Limitations & Future Work¶
- Missing Navigation Assistance Tasks: Navigation is a core need of visually impaired users but is not covered in this work.
- Controlled Environment Assessment: It does not fully capture the complexity of dynamic, real-world scenes (such as real-time response and in-motion video understanding).
- Model Coverage: Only 12 models were evaluated, excluding leading closed-source models like GPT-4V/4o.
- Multilingual Translation Quality: Due to the use of machine translation paired with manual checking, translation quality for low-resource languages might still be insufficient.
- Lack of User Interaction Evaluation: The evaluation is based on offline benchmarks and does not assess multi-turn dialog or interactive guidance scenarios.
Related Work & Insights¶
- MLLM Evaluation Benchmarks: MMLU, MME, VQAv2, etc., focus on general capabilities. A comprehensive evaluation by Lee et al. (2024) indicates that no single model leads across all areas.

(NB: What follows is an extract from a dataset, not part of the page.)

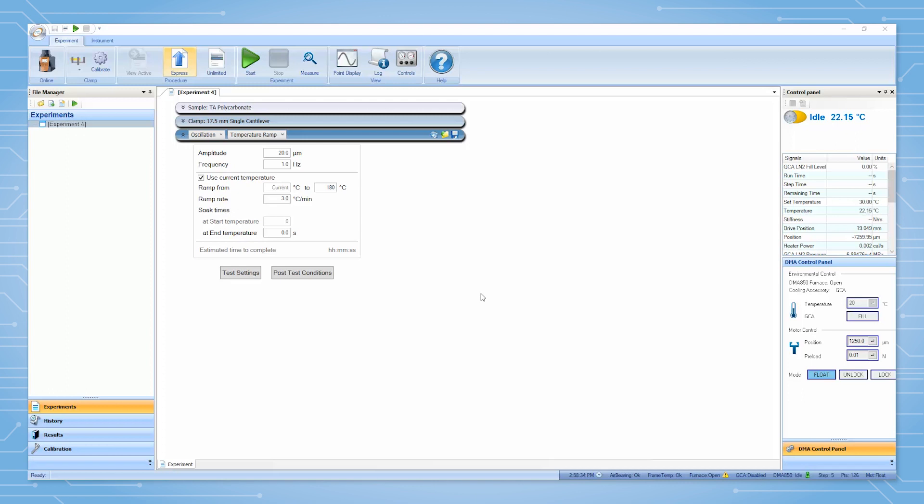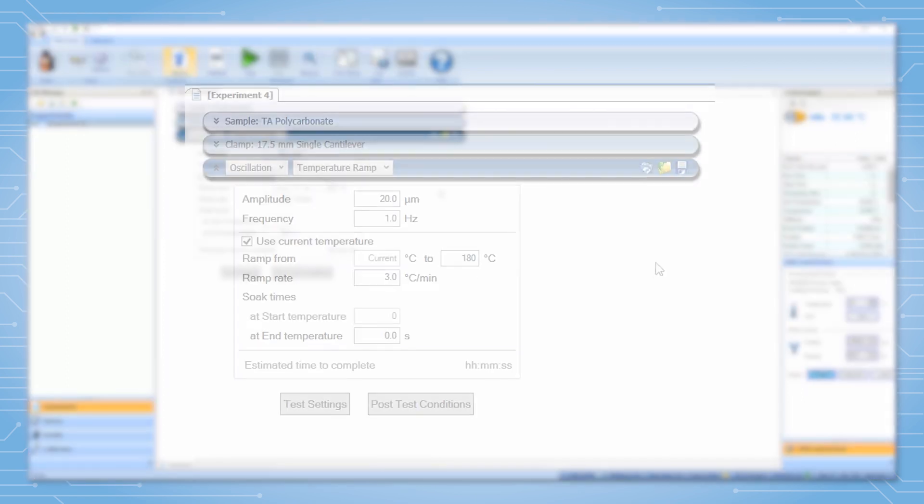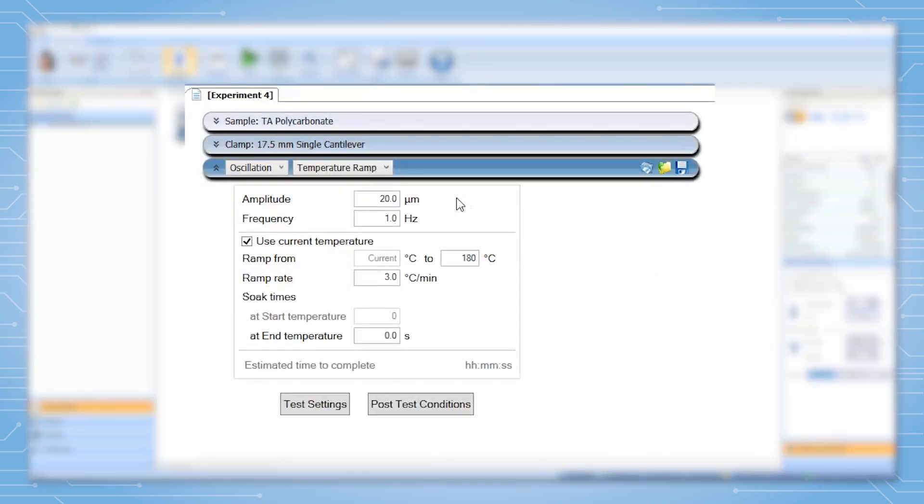Next we will set our test parameters for the temperature ramp. The first parameter to consider is the amplitude. Typically 20 microns is a good starting point for most clamps and most samples. The frequency will be set at one Hertz and is appropriate for most applications of this test.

- Assistive Applications for the Visually Impaired: VizWiz series (Gurari et al. 2018/2020), ORBIT dataset (Massiceti et al. 2021).
- Culturally Sensitive Evaluation: Karamolegkou et al. (2024) identified overlooked cultural context in VizWiz.
Rating¶
⭐⭐⭐⭐ (4/5)
- Novelty: ⭐⭐⭐⭐ The Braille recognition task is entirely new, and the user-survey-driven evaluation design is highly convincing.
- Experimental Thoroughness: ⭐⭐⭐⭐⭐ The five core tasks provide comprehensive coverage, featuring in-depth horizontal comparisons across 12 models.
- Writing Quality: ⭐⭐⭐⭐ The structure is clear, demonstrating coherent logic from identifying requirements to formulating evaluations.
- Value: ⭐⭐⭐⭐⭐ This work directly guides the development direction of next-generation visual assistance technologies.